Skip to main content

Feed bytes to a transformer with ZERO learned input parameters - the HSL byte-signal substrate replaces the embedding layer (no tokenizer, no embedding table, no learned projection).

Project description

hsl-embedding-zero

Feed bytes to a transformer with ZERO learned input parameters.

pip install hsl-embedding-zero
import torch
from hsl_embedding_zero import ZeroInput

door = ZeroInput(K=8, dim=512)        # 0 learned parameters, no tokenizer, no vocab
slots = door(byte_ids)                # [B, L] bytes -> [B, L//8, 512] attention slots
stream = door.stream(byte_ids)        # per-byte path for AR output streams

The idea

Raw bytes fed directly into a transformer are known to fail — that is why learned embeddings exist: something has to lift discrete symbols into a usable geometry.

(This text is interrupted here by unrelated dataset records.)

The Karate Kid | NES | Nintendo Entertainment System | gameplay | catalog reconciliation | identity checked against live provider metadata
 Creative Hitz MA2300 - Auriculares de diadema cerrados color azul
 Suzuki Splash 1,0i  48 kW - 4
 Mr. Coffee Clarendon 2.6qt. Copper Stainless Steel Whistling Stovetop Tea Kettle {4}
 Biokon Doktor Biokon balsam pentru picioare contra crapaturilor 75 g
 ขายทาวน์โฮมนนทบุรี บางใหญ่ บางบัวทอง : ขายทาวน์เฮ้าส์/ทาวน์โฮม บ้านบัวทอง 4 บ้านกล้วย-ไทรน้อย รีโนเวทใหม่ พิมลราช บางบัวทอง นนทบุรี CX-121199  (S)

This package tests the alternative: let a frozen signal representation do that lifting. The HSL substrate (MIT, pip install hsl-embedding) maps every byte to 27 exact channels — change-rate (Gray-code Δ), Δ², boundary, an exact 8-point Fourier transform, and phase — grounded in a lossless codec. If that representation already does the embedding's job, the learned front door should be removable:

bytes → HSL features (frozen 4.6 KB LUT) → fixed zero-pad → transformer

Channels enter unmixed — every feature keeps a fixed address (dim 0–7 is always Δ, 17–24 always Fourier, …). The first learned combination happens inside attention, where it is trainable and inspectable, not at the door where it would be blind.

Measured (the table is the claim)

Same lean decoder body (dim 512 / 8 layers-class), same 3-modality byte mix (text / video windows / audio-caption windows), same fixed 3000-step budget, same seed. Capacity-matched arms via hsl_embedding.ablation. Lower bits/byte = better.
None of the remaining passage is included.